▶ Instructions for the task: Retype the data below verbatim; pictures do not belong in the copy.

▶ Material to process:

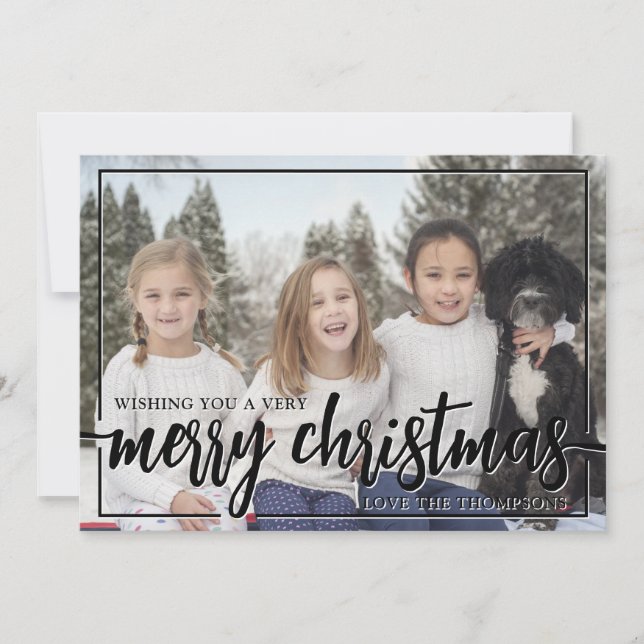 Wishing you a very Merry Christmas Photo Holiday Card (Front)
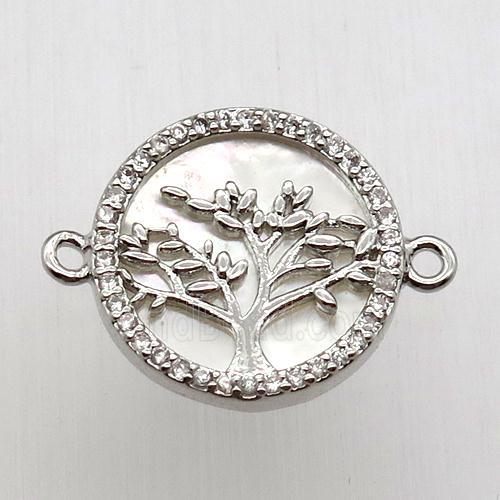 copper connector pave zircon, tree of life, platinum plated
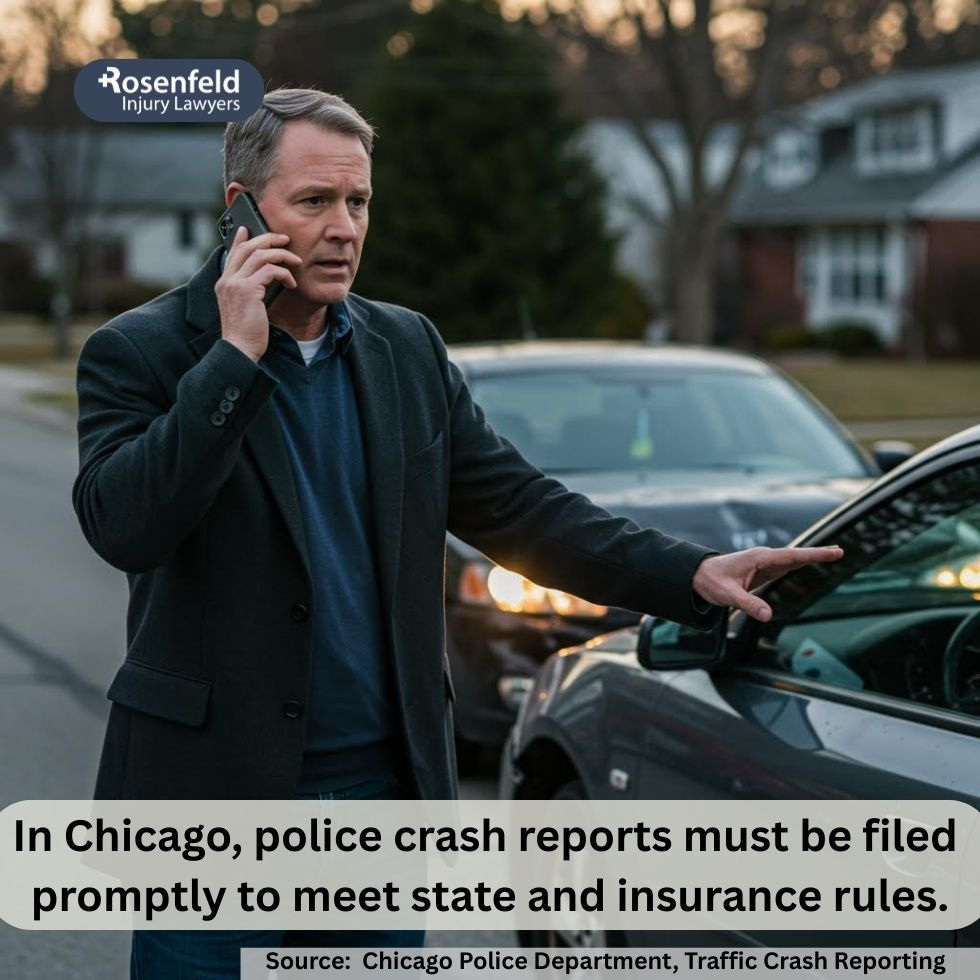 Police officer writing a police report at the scene of a car accident in Chicago.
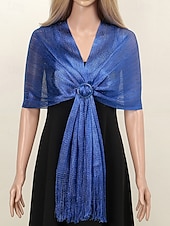 abordables Mariage ACC-Écharpe en polyester pour femme, ornée de boutons en acrylique, disponible en plusieurs couleurs, idéale pour les mariages et les soirées.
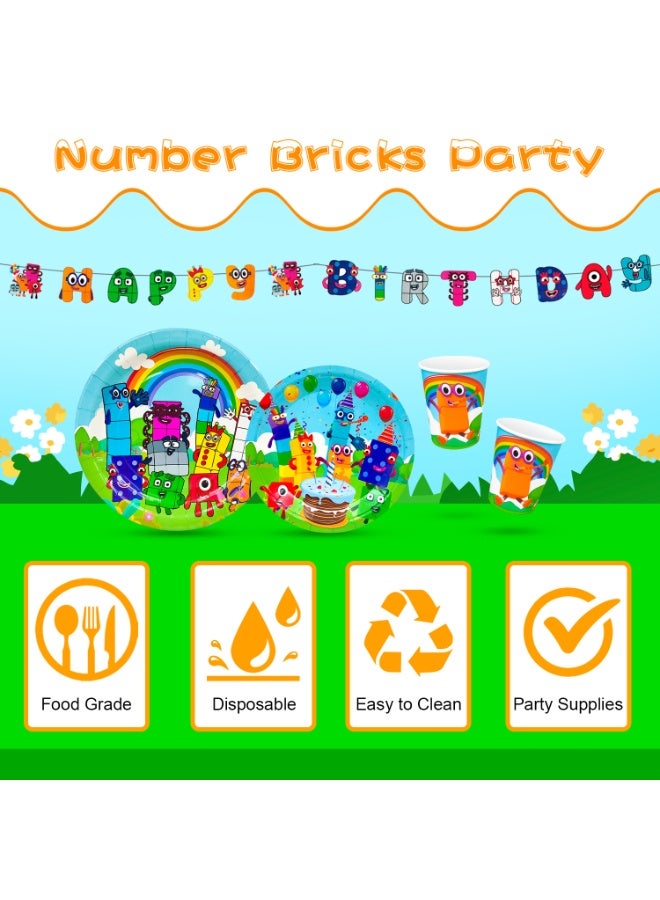 FRUITFUL PARTY Number Blocks Birthday Decorations for 10 Guests, 112pcs Number Blocks Disposable Party Tableware Set Number Blocks Theme Birthday Banner Balloon Plate Tablecloth etc Numberblocks Party Supplies - Image 4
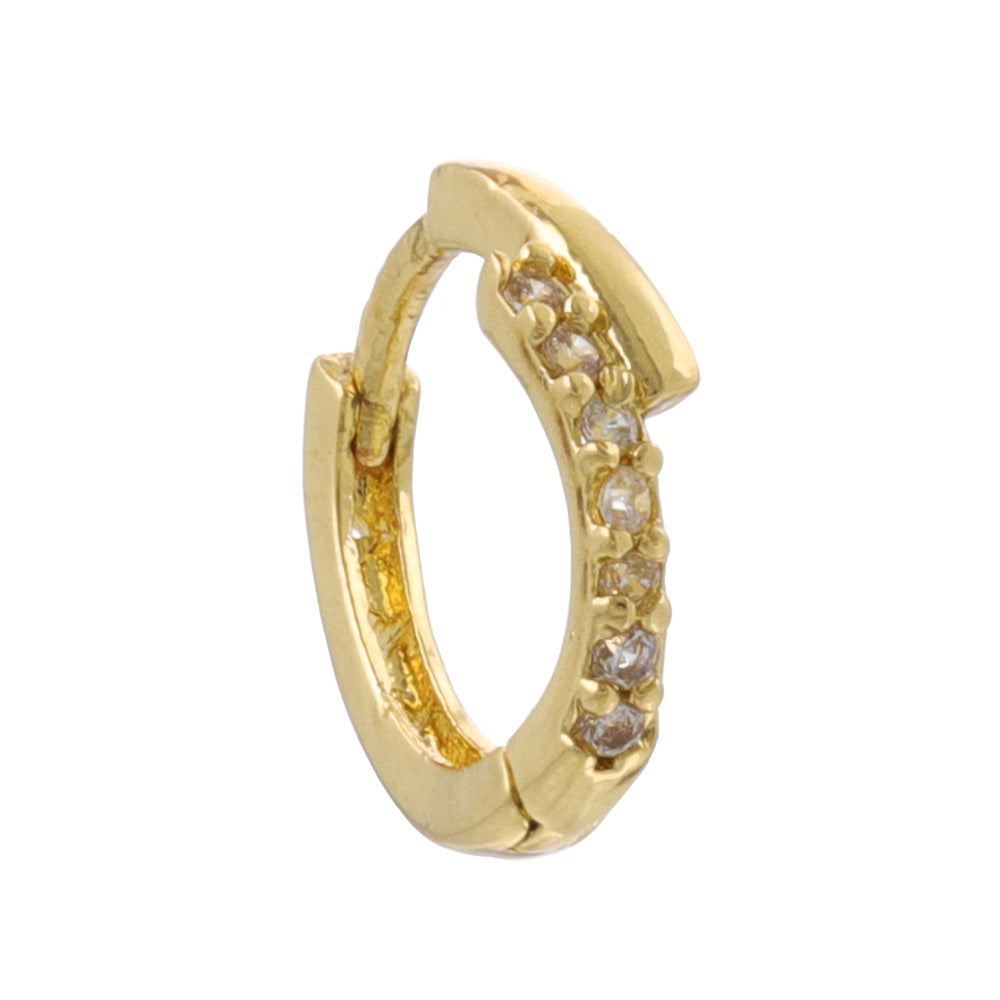 Pave Accent Huggie Hoop Earrings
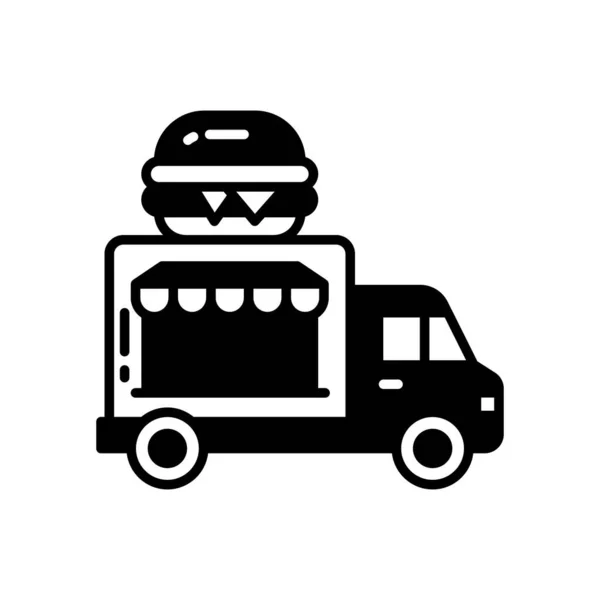 病媒中的食物卡车图标 标识类型 — 图库矢量图片
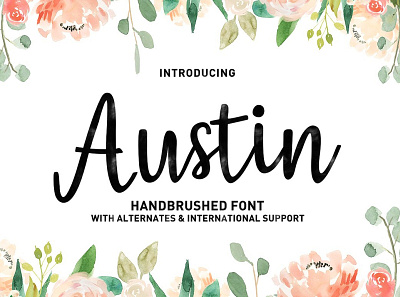 Austin Script font design ink romance script wedding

▶ Answer below:
 Wishing you a very Merry Christmas Photo Holiday Card (Front)
 copper connector pave zircon, tree of life, platinum plated
 Police officer writing a police report at the scene of a car accident in Chicago.
 abordables Mariage ACC-Écharpe en polyester pour femme, ornée de boutons en acrylique, disponible en plusieurs couleurs, idéale pour les mariages et les soirées.
 FRUITFUL PARTY Number Blocks Birthday Decorations for 10 Guests, 112pcs Number Blocks Disposable Party Tableware Set Number Blocks Theme Birthday Banner Balloon Plate Tablecloth etc Numberblocks Party Supplies - Image 4
 Pave Accent Huggie Hoop Earrings
 病媒中的食物卡车图标 标识类型 — 图库矢量图片
 Austin Script font design ink romance script wedding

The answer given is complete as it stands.